◆ Assigned task
Report all lines in the records that hold the string "News".

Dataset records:
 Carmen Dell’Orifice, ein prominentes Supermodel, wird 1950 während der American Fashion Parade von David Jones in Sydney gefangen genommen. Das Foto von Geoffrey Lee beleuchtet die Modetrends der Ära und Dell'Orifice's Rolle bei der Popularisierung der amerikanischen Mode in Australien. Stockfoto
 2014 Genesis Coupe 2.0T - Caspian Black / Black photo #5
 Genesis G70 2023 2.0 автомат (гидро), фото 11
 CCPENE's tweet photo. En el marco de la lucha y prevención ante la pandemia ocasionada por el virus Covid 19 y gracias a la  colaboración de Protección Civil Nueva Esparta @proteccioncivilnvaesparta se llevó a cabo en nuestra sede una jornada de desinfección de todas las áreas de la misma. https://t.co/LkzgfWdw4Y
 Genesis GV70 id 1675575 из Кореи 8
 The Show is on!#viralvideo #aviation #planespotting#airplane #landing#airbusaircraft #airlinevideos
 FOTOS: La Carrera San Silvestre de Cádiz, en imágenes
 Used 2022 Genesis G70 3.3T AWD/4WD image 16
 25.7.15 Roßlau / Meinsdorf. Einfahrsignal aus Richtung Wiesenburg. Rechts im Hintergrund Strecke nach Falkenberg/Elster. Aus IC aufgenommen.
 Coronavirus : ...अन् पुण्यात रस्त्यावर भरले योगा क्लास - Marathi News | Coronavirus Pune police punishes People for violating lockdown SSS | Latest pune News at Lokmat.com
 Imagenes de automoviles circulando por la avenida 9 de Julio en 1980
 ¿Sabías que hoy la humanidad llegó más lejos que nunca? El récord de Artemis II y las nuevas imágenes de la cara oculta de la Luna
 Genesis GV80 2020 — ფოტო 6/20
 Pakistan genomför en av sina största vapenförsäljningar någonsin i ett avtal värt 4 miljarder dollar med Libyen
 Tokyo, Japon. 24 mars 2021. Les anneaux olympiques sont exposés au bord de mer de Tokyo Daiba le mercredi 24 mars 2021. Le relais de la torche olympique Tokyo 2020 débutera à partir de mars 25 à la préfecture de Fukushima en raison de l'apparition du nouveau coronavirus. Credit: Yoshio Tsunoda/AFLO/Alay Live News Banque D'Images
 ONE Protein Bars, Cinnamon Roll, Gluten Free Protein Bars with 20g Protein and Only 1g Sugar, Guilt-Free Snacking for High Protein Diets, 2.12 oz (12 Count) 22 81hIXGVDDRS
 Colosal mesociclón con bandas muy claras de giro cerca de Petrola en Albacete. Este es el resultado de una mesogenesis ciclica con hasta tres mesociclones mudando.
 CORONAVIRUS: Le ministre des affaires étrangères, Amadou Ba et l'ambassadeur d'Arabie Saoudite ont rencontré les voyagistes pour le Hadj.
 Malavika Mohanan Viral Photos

◆ Answer section
 Coronavirus : ...अन् पुण्यात रस्त्यावर भरले योगा क्लास - Marathi News | Coronavirus Pune police punishes People for violating lockdown SSS | Latest pune News at Lokmat.com
 Tokyo, Japon. 24 mars 2021. Les anneaux olympiques sont exposés au bord de mer de Tokyo Daiba le mercredi 24 mars 2021. Le relais de la torche olympique Tokyo 2020 débutera à partir de mars 25 à la préfecture de Fukushima en raison de l'apparition du nouveau coronavirus. Credit: Yoshio Tsunoda/AFLO/Alay Live News Banque D'Images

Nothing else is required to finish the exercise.